# Is it possible to negotiate salary between job offer and acceptance?



## iamcanjim (Jul 26, 2013)

I am sure this has been asked before. I have been offered a teaching job, but the salary (12,800 + free 2 bedroom apt) (in Sharjah) seems a bit low. I have 13 years experience and certification, but only a Bachelors. 
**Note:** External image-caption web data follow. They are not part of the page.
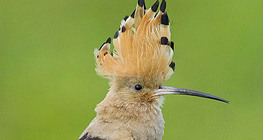 Abubilla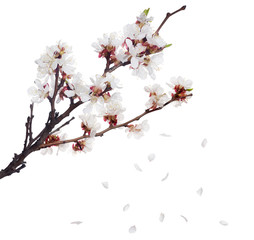 Sticker - white sakura blooming branch and falling petals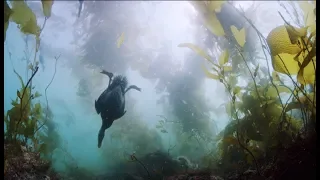 Great Bear Rainforest - Surf Scoters Diving for Herring Eggs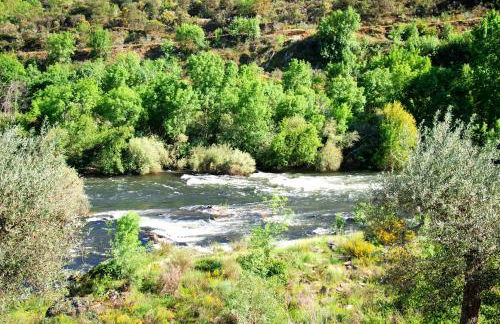 Casa Oliveiras do Douro - Foto 27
Would it be ok to counter-offer?


----------



## w_man (Apr 16, 2010)

Hopefully a teacher will come here and provide relevant response but as a general rule, never hurts to counter-offer. Negotiating is a way-of-life here.


----------



## ACertainRomance (Jun 21, 2013)

just to add, Sharjah is completely dry, no alcohol allowed at all if that matters to you.


----------



## iamcanjim (Jul 26, 2013)

I am a boring teetotaller, so that doesn't bother me.


----------



## vantage (May 10, 2012)

iamcanjim said:


> I am sure this has been asked before. I have been offered a teaching job, but the salary (12,800 + free 2 bedroom apt) (in Sharjah) seems a bit low. I have 13 years experience and certification, but only a Bachelors.
> 
> Would it be ok to counter-offer?


Doubt it.
Once you sign, you sign.
That said, can't hurt to try.
There are lots of teachers here, and teaching salaries tend to be fairly standardised, without a great deal of movement, I'd think.


----------



## BBmover (Jun 15, 2013)

You can always try but the school has no doubt already budgeted with incoming teaching staff etc. if the offer letter stated your salary and additional benefits it would have been more beneficial to negotiate at the time. Thats if you accepted the post already? Being offered a 2 bedroom accommodation is better than a 1 bed that is the norm. 
It also depends on what role you will be undertaking, teaching or management, and although you have teaching certification and a Bachelors a Masters can carry more leverage in negotiating. This may also be a decisive point in what salary you have been offered. 
Always try and see what they come back with then if you decide that you want to take the position on their pay scale there may be room for further negotiation for the following academic year.


----------